His next task was to evaluate factors left out of the NCE assessment. One of these is middle-income housing affordability. There is a large amount of data showing that urban growth boundaries and other smart-growth policies increase housing costs significantly, and Cox lays out this evidence in some detail to estimate the external costs of urban containment policy itself. Among those details is a study by economists Chang-Tai Hsieh of the University of Chicago and Enrico Moretti of UC Berkeley, finding that regulatory constraints on housing cost the US economy $1.95 trillion in 2009-13.5% of GDP.
Yet another cost of urban containment policy is restriction of economic opportunities that should be available from urban agglomeration economies. As Alain Bertaud and others have pointed out, metropolitan areas are labor markets and their economic productivity depends on millions of positive-sum transactions being able to take place. This effect works to the extent that job-seekers can access a maximum number of potential jobs in a reasonable amount of commuting time. The NCE report promotes using transit, biking, and walking as the preferred means of commuting. But as Cox notes, “these modes of travel are incapable of unlocking the employment opportunities that exist throughout the modern metropolitan area.”
There is a lot more, but I think you get the idea. The NCE report grossly exaggerates the externalities of auto use, significantly underestimates the high economic costs of constrained housing markets, and urges transportation policies that would undermine the benefits of urban agglomeration economies. You can read the whole critique at www.demographia.com/puttingpeoplefirst.pdf.

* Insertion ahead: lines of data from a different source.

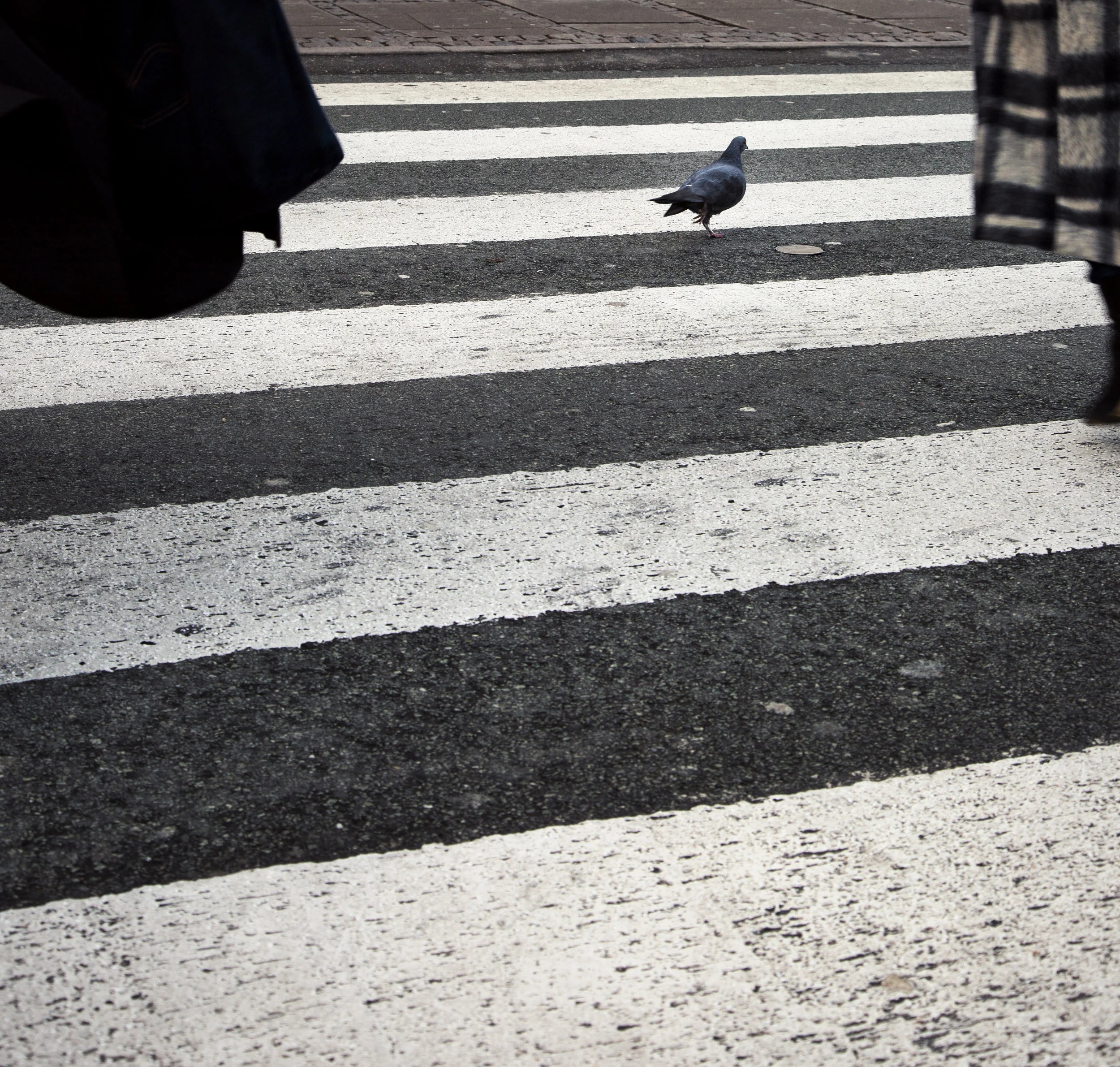 pigeon cross.jpg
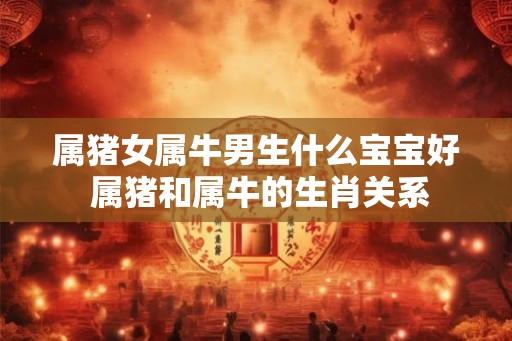 属猪女属牛男生什么宝宝好 属猪和属牛的生肖关系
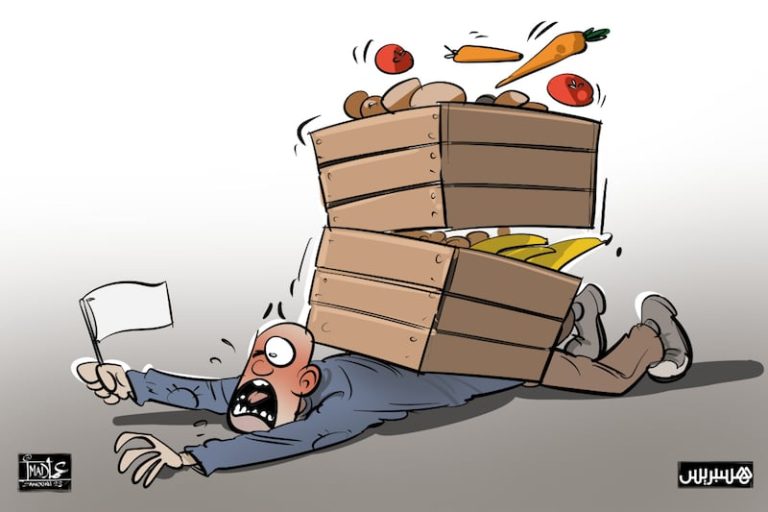 مندوبية التخطيط تكشف تدهور مستوى المعيشة بنسبة 87 % للأسر المغربية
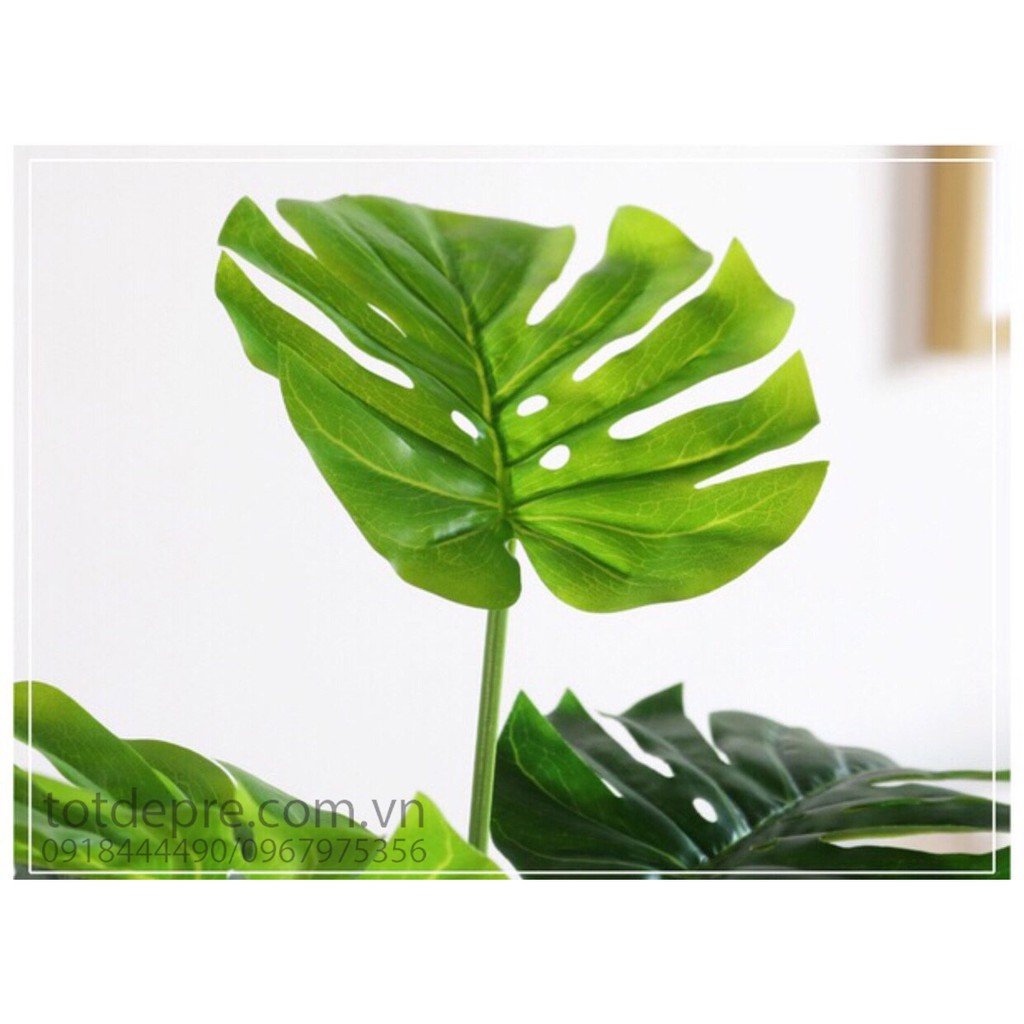 Cây Lá Rùa DECOR cỡ lớn - Cây giả cao cấp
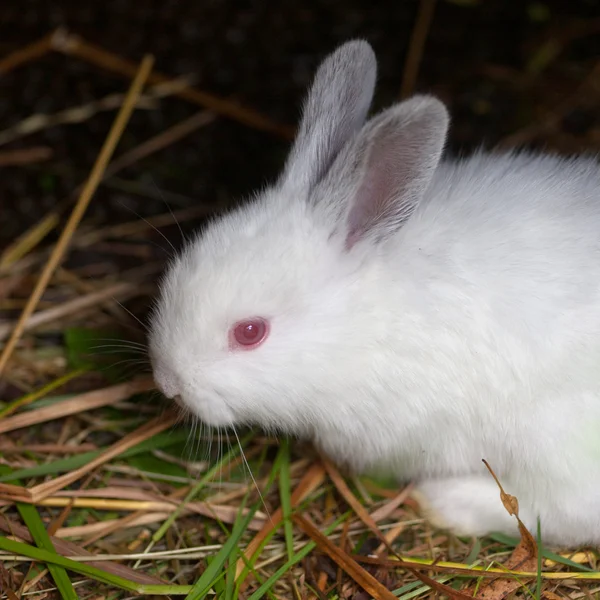 Młody biały królik — Zdjęcie stockowe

Note: Some of these points also emerge from a paper presented at the 2014 Annual Meeting of the Transportation Research Board. In “Urban Sprawl Job Decentralization, and Congestion: the Welfare Effects of Congestion Tolls and Urban Growth Boundaries,” Wenjia Zhang and Kara Kockelman of UT Austin used a spatial general equilibrium model to analyze the impact of an urban growth boundary. Among other things, they found that the boundary leads to a loss of social welfare due to land rent escalation and limitations on job decentralization.
Interest Grows for Interstate Tolling
Since the FAST Act failed to include any increases in the federal gasoline or diesel tax rates (and provided only a modest increase in planned spending, thanks to general-fund transfers), responsible state DOTs are searching for self-help ways to increase highway investment. A growing number of them are looking into reconstructing and widening their aging Interstate highways using toll finance. Among these are Connecticut, Indiana, Missouri, Rhode Island, and Wisconsin.
The long-standing federal ban on using tolls on Interstates that are not currently tolled has been gradually liberalized since the ISTEA legislation in 1991. The three legal ways in which tolling can be applied to such Interstates are:
- Replacing a currently non-tolled bridge or tunnel on the Interstate, using toll finance (authorized by ISTEA);
- Deploying variable tolls to address traffic congestion on all lanes, if the state has been designated as a partner under FHWA’s Value Pricing Pilot Program (VPPP); and,
- Using one of the three slots in the Interstate Reconstruction Pilot Program (which Fred Kessler described in last month’s issue).
All three of these options are being considered by the states mentioned above.
Connecticut has been studying Interstate tolling the longest. The Transportation Finance Panel appointed by Gov. Dan Malloy released its report in January; its comprehensive recommendations included tolling and a state-of-the-art P3 law. Connecticut DOT in 2011 requested FHWA funding for a VPPP study of I-95 between the New York state line and New Haven. The study, by CDM Smith, recommended as the best approach the combination of value-priced tolling (all lanes, all vehicles) plus widening as “having the strongest potential for providing sustainable congestion relief to I-95.” If there is not similar congestion on the remainder of the state’s Interstates, Connecticut would need to make use of one of the other methods to use toll finance to reconstruct and, where justified, widen them. These include the eastern portion of I-95, I-84, and I-91 plus I-291, I-384, and I-395.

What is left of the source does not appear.